Work required —
Every line in the data below from the one containing "Enemy troops attacking" down to the one containing "Hey everybody, it's", both included, must be retyped exactly; no other line is to appear.

The input —
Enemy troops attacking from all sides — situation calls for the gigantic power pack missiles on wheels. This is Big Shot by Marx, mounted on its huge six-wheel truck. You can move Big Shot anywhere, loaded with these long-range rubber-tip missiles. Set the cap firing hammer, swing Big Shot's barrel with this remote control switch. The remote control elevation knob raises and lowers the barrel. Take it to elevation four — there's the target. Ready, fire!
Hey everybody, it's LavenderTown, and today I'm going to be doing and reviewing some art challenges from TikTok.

==

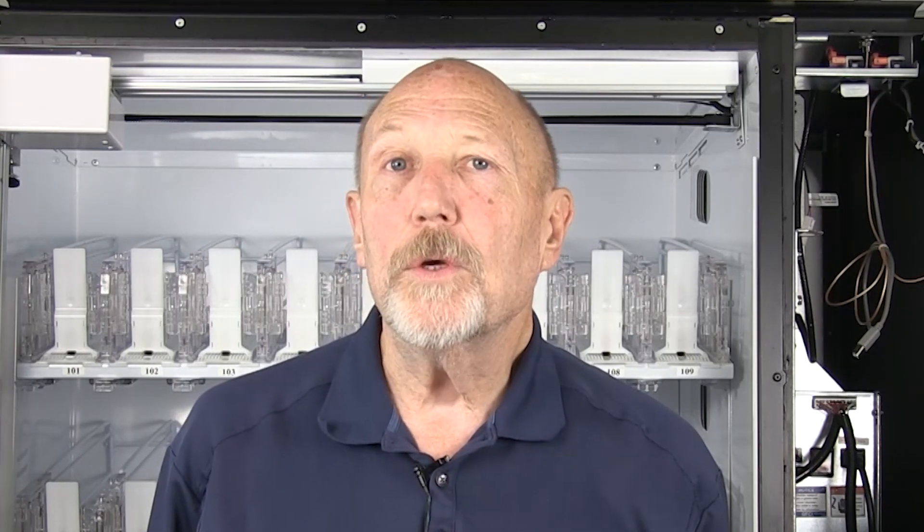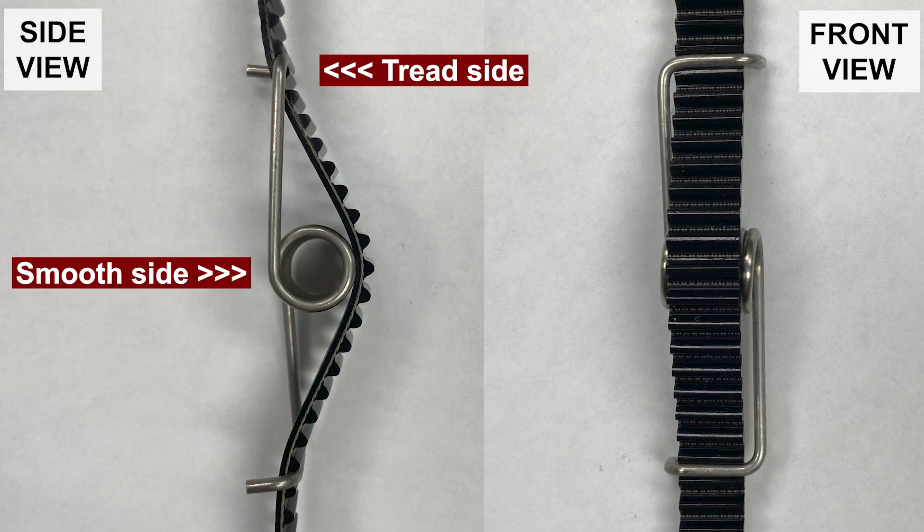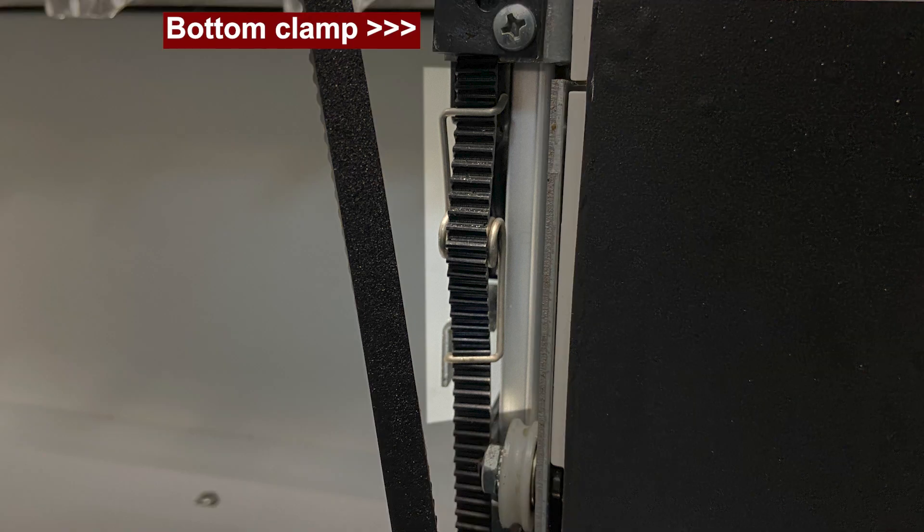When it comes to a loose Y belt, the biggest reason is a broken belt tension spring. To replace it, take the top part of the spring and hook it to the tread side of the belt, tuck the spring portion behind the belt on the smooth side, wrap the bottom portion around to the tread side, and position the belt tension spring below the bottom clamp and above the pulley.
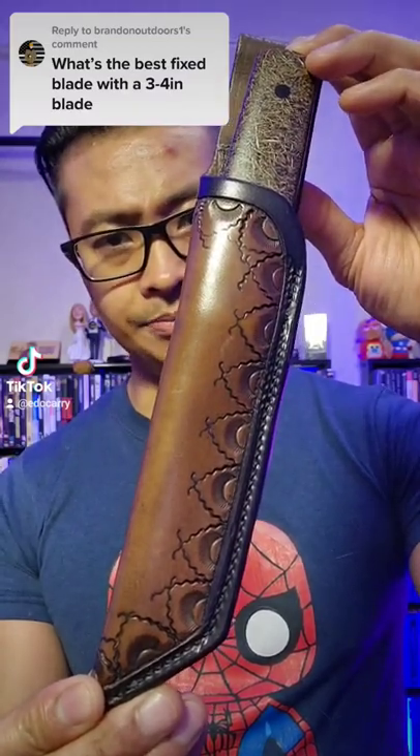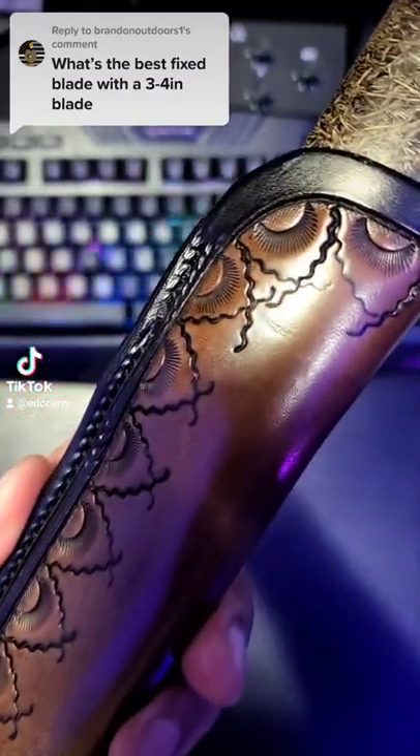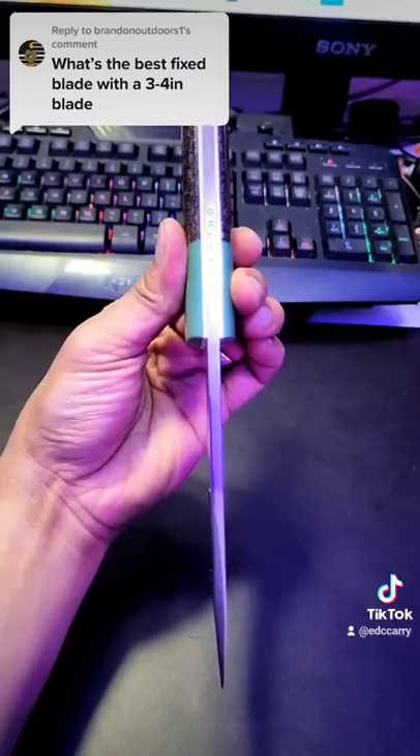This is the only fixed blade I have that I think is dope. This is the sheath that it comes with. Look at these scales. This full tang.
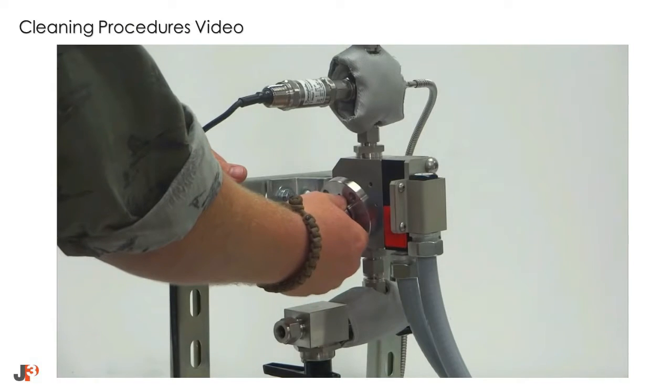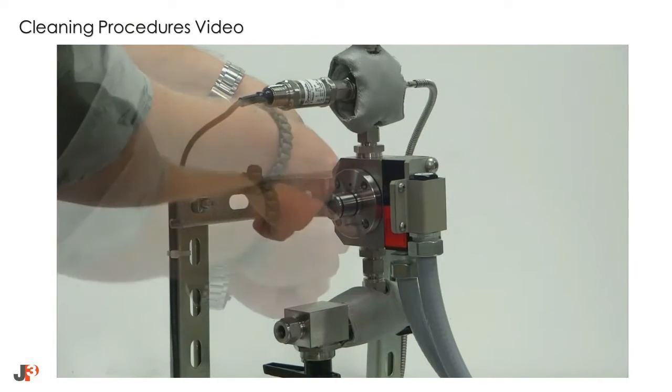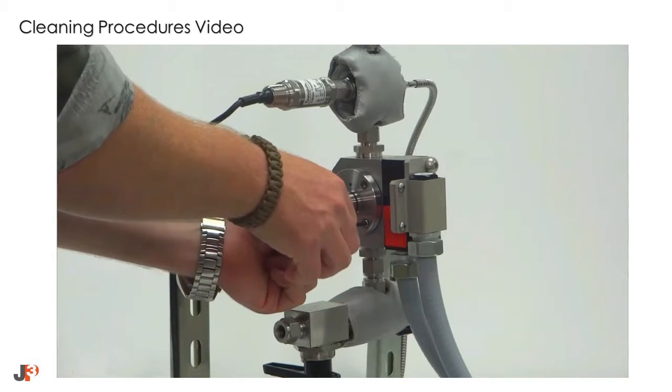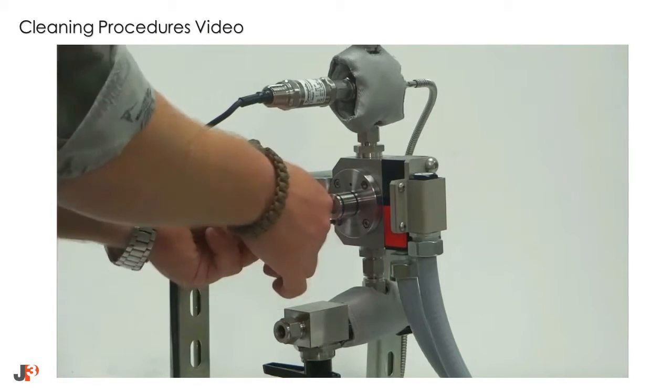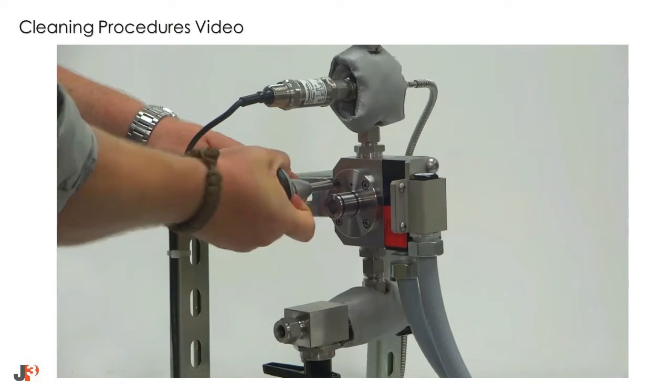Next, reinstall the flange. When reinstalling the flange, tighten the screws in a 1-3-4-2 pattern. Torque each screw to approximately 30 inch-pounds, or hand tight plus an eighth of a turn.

Solved problem —
Enemy troops attacking from all sides — situation calls for the gigantic power pack missiles on wheels. This is Big Shot by Marx, mounted on its huge six-wheel truck. You can move Big Shot anywhere, loaded with these long-range rubber-tip missiles. Set the cap firing hammer, swing Big Shot's barrel with this remote control switch. The remote control elevation knob raises and lowers the barrel. Take it to elevation four — there's the target. Ready, fire!
Hey everybody, it's LavenderTown, and today I'm going to be doing and reviewing some art challenges from TikTok.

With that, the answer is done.